=== THE DATA ===
━━━━━━━━━━━━━━━━━━━━

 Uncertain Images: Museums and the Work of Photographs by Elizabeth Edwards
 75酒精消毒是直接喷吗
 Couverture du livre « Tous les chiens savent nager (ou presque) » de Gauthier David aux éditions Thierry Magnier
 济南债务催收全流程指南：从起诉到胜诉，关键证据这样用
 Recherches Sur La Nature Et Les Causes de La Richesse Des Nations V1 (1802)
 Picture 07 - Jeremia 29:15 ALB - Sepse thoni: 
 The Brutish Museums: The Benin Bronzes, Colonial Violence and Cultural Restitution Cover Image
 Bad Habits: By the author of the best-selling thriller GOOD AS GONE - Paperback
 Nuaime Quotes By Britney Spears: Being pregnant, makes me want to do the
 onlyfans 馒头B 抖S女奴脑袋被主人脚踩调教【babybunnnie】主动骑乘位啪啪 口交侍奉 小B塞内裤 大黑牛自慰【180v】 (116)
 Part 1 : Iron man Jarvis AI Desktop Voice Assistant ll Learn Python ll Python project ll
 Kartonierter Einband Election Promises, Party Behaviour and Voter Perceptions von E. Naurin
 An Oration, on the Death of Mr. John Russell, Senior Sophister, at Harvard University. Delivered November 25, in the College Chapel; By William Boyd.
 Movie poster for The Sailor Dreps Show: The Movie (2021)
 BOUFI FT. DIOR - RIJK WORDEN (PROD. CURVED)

━━━━━━━━━━━━━━━━━━━━

=== YOUR OBJECTIVE ===
Repeat exactly the lines of the listing above, from the one with "75酒精消毒是直接喷吗" down to the one with "Bad Habits: By"; both of those lines belong in the range.

=== OUTPUT FOR THIS TASK ===
 75酒精消毒是直接喷吗
 Couverture du livre « Tous les chiens savent nager (ou presque) » de Gauthier David aux éditions Thierry Magnier
 济南债务催收全流程指南：从起诉到胜诉，关键证据这样用
 Recherches Sur La Nature Et Les Causes de La Richesse Des Nations V1 (1802)
 Picture 07 - Jeremia 29:15 ALB - Sepse thoni: 
 The Brutish Museums: The Benin Bronzes, Colonial Violence and Cultural Restitution Cover Image
 Bad Habits: By the author of the best-selling thriller GOOD AS GONE - Paperback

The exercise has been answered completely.